Dataset imports

The launch_import_job management command submits a Kubernetes Job that runs manage.py import_subset against the prod database. The Job reuses the backend image and the secrets the backend Deployment already consumes, so there's no separate credential plumbing on the developer laptop. Jobs always land in the prod namespace.

Prerequisites

kubectl context pointing at the target cluster
Membership in the lcmd:dataset-importers group (talk to a cluster admin)
The lcmd-import-secrets Secret exists in prod (one-time setup, see below)

Usage

# Import OSCARDHBD with a 5-row limit, tail the logs, exit when the Job finishes
manage.py launch_import_job --subset OSCARDHBD --limit 5

# Submit and exit immediately
manage.py launch_import_job --all --no-wait

# Re-attach to a previously submitted Job
manage.py launch_import_job --attach import-oscardhbd-20260429-091500-abcd

Ctrl-C disconnects on the next log line — quiet pods may take a moment. The Job keeps running in the cluster regardless. Re-attach with --attach <name> or kubectl logs -f job/<name>.

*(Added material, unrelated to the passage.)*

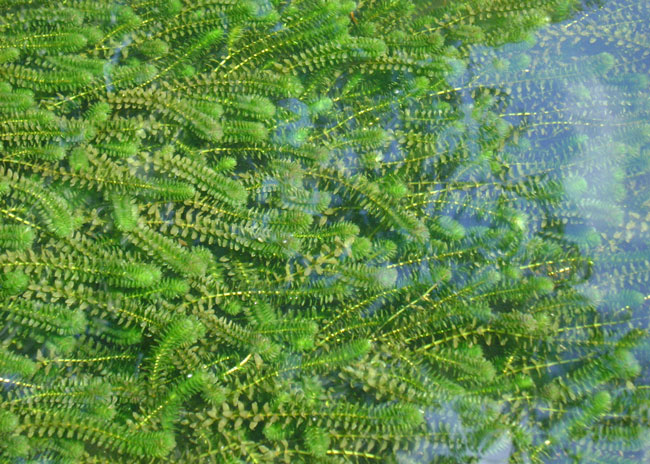 Elodea_canadensis_Wikimedia_Commons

Validating the manifest before submission

--print-manifest emits the Job manifest to stdout and exits without submitting. Pipe to kubectl apply --dry-run=server -f - for apiserver-level validation (catches malformed fields, RBAC failures, admission-controller rejections):

manage.py launch_import_job --subset OSCARDHBD --print-manifest \
  | kubectl apply --dry-run=server -f -

Useful when iterating on the manifest, after a kubernetes upgrade, or to debug a Job that fails on submission.

Collision protection

If another Job for the same subset is already active, submission is refused:

CommandError: Active Job(s) for subset='oscardhbd' already running:
import-oscardhbd-20260429-091500-abcd. Wait for them to finish or pass --force.

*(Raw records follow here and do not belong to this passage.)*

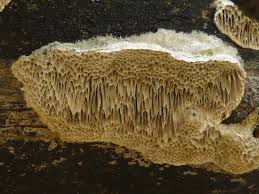 Attēlu rezultāti vaicājumam “Irpex lacteus”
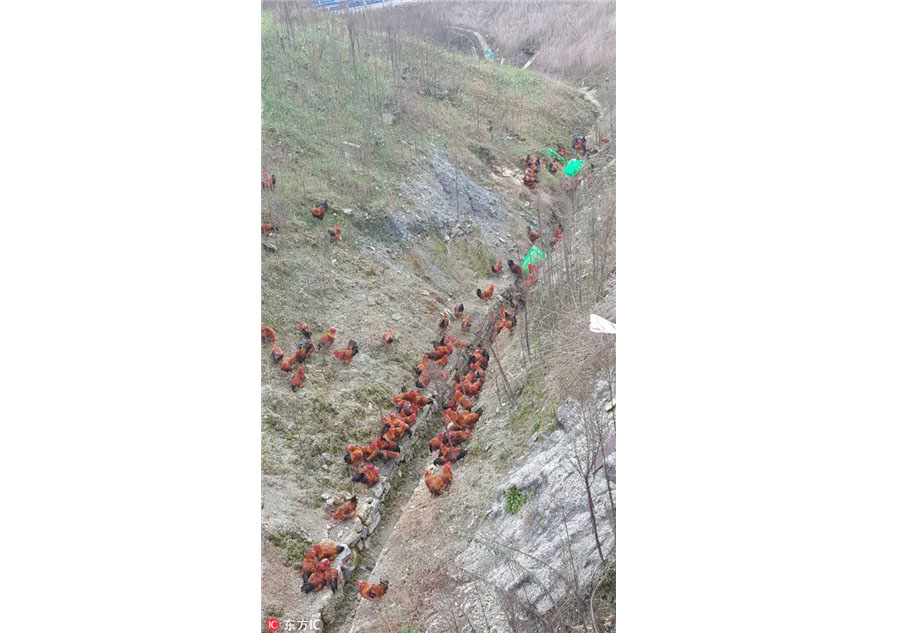 Real-life 'chicken run' in Guizhou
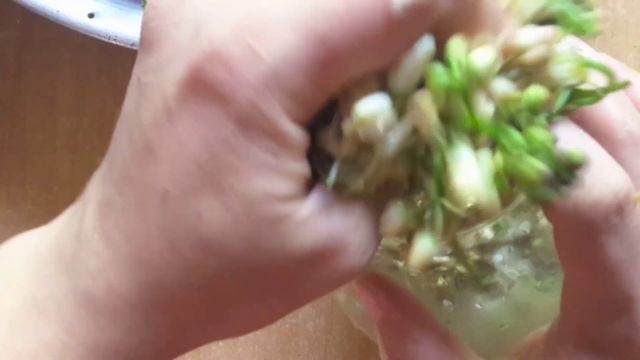 concoli hazirlamasi..როგორ დავამწნილოთ ჯონჯოლი ზამთრისთვის.. смотреть онлайн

--force overrides the check. Use it only when you know the prior Job is stuck/wedged and won't write to the same rows.

Image resolution

Picked in this order, first match wins:

--image <ref> — explicit override
The container image of the running Deployment/backend in prod — keeps the Job in lockstep with what's deployed
Hard error — fail loud rather than guess

Default behavior on a developer laptop: nothing to configure; the Job runs the same image as production.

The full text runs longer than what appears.